Skip to content

07.09 — Recap: From Crawling to Indexing

Overview

We've completed the hardest part of the pipeline — getting the data. In production RAG applications, data acquisition is typically the most error-prone and time-consuming phase. Now we transition to preparing the data for the vector store.


What We've Done

flowchart LR
    subgraph Done["✅ Completed"]
        SRC["🌐 LangChain Docs"]
        CRAWL["🕷️ Tavily\n(Map + Extract)"]
        DOCS["📄 LangChain Documents\n(500+ pages)"]

        SRC --> CRAWL --> DOCS
    end

    subgraph Next["📋 Next Steps"]
        SPLIT["✂️ Chunk into pieces"]
        EMBED["🔢 Embed into vectors"]
        INDEX["🗄️ Index in vector store"]

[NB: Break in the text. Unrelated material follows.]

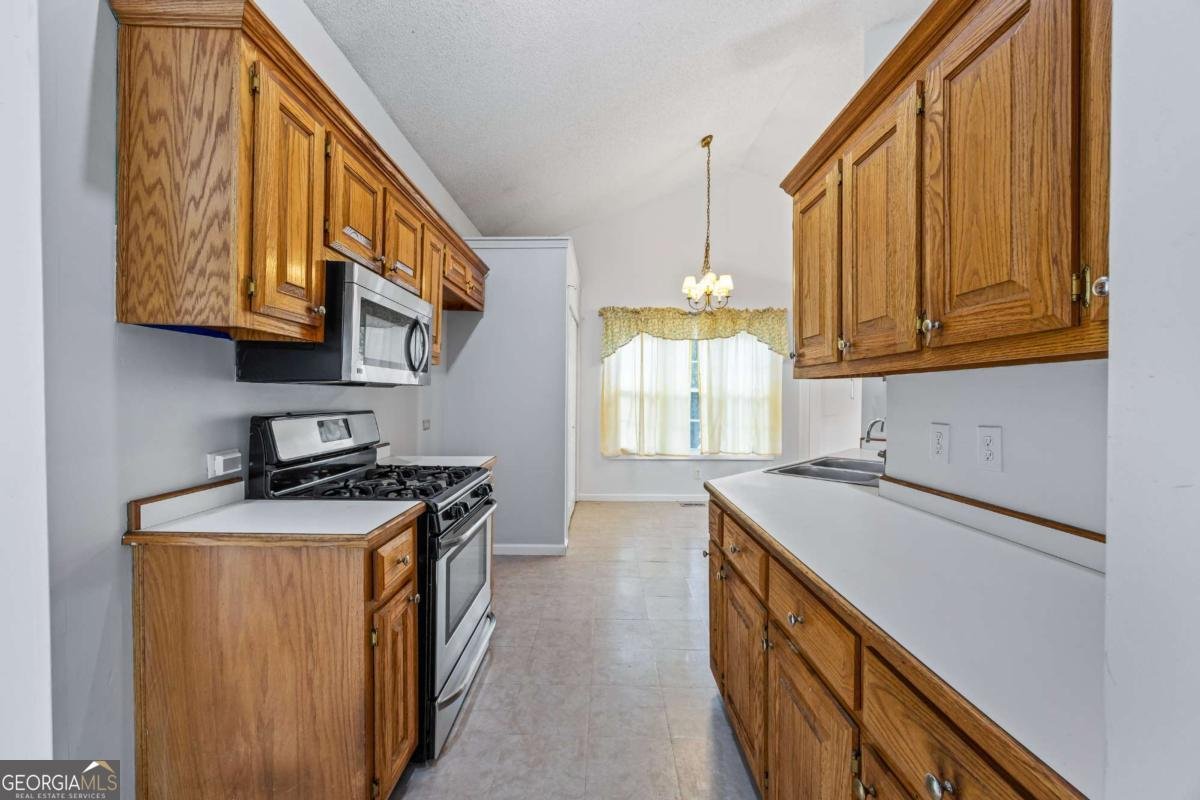 7920 Silversmith Drive Cumming - 14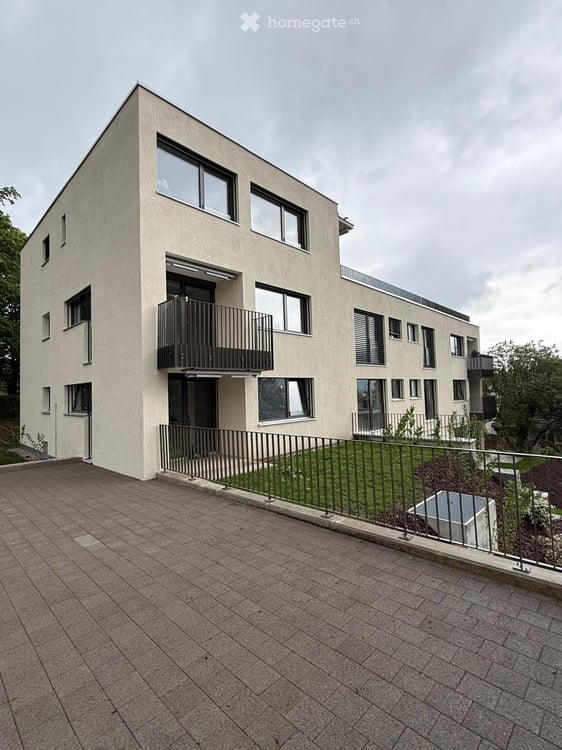 Flexibel wohnen auf 134 m², frisch sanierte 4.5-Zimmer-Wohnung mit möglichkeit für separater Wohnung 11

        SPLIT --> EMBED --> INDEX
    end

    DOCS -.-> SPLIT

    style Done fill:#10b981,color:#fff
    style Next fill:#4a9eff,color:#fff

What's Coming Next

Step What Happens Lesson
Chunking Split large documents into smaller, searchable pieces (4000 chars, 200 overlap) 10
Batch indexing Embed chunks and store vectors in Pinecone — concurrently, with rate limit handling 11

The API-heavy crawling phase is behind us. The remaining ingestion steps are computationally simpler but involve important design decisions (chunk size, overlap, batch sizing) that directly impact retrieval quality.